The data:
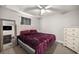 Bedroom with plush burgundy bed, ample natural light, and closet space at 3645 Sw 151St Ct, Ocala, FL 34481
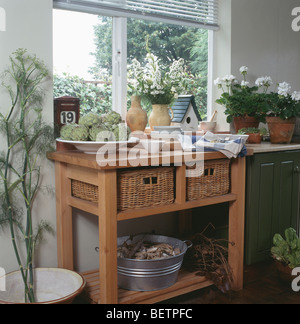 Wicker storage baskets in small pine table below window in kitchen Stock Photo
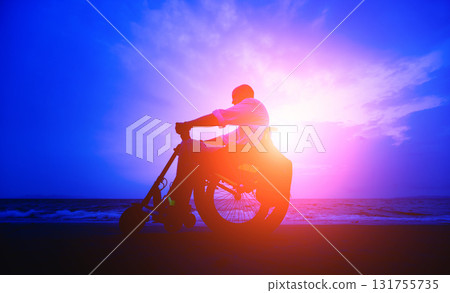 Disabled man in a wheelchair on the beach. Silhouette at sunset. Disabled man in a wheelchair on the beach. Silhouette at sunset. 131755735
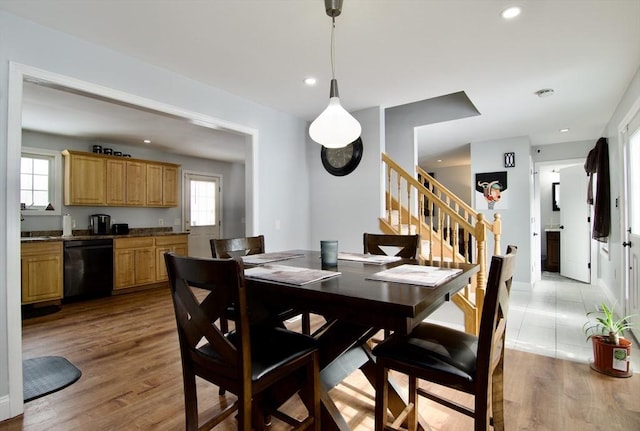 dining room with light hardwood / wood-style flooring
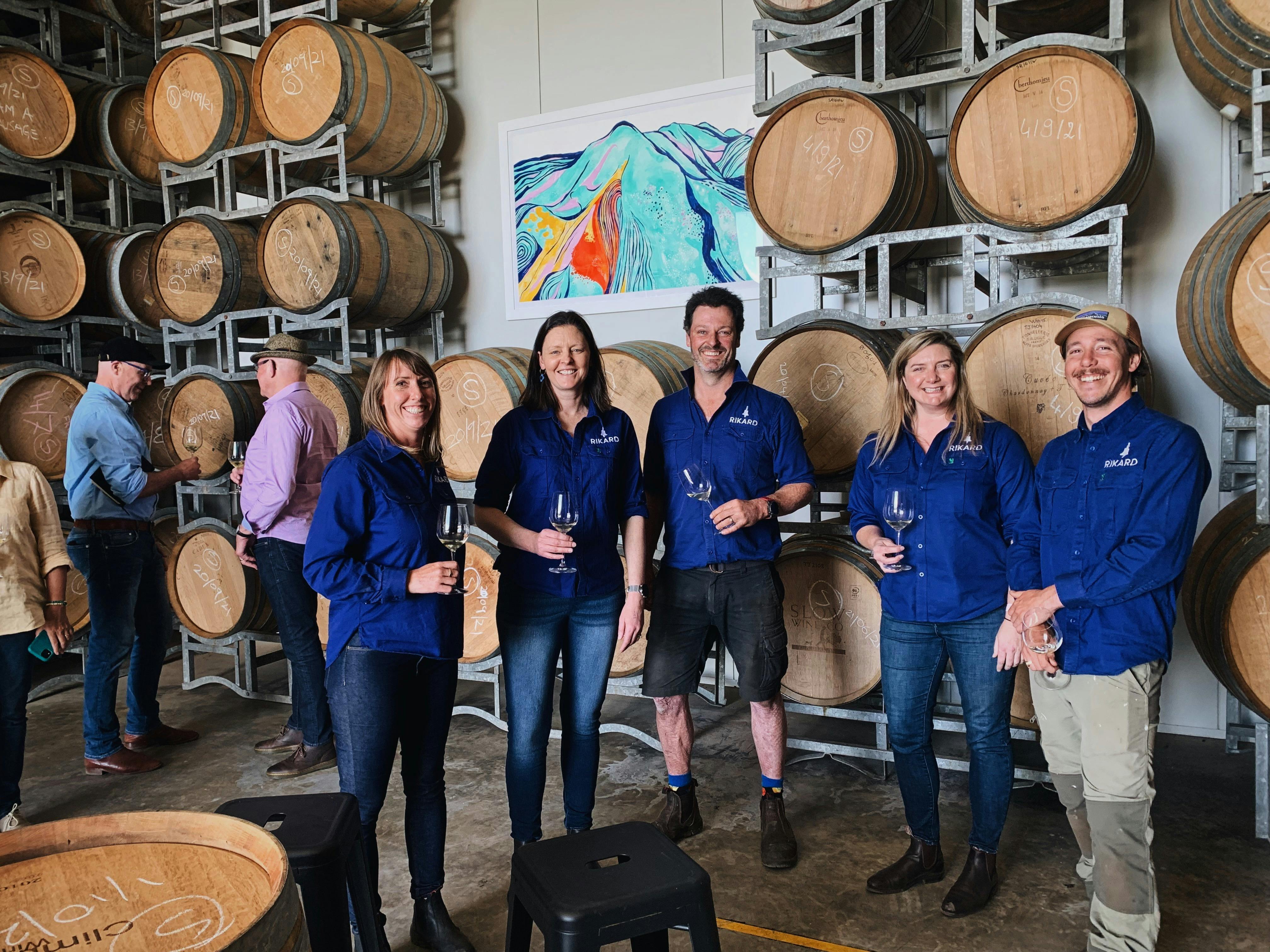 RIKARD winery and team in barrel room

What this task involves: Could the entries above be returned verbatim, with no pictures included?

Task solution:
 Bedroom with plush burgundy bed, ample natural light, and closet space at 3645 Sw 151St Ct, Ocala, FL 34481
 Wicker storage baskets in small pine table below window in kitchen Stock Photo
 Disabled man in a wheelchair on the beach. Silhouette at sunset. Disabled man in a wheelchair on the beach. Silhouette at sunset. 131755735
 dining room with light hardwood / wood-style flooring
 RIKARD winery and team in barrel room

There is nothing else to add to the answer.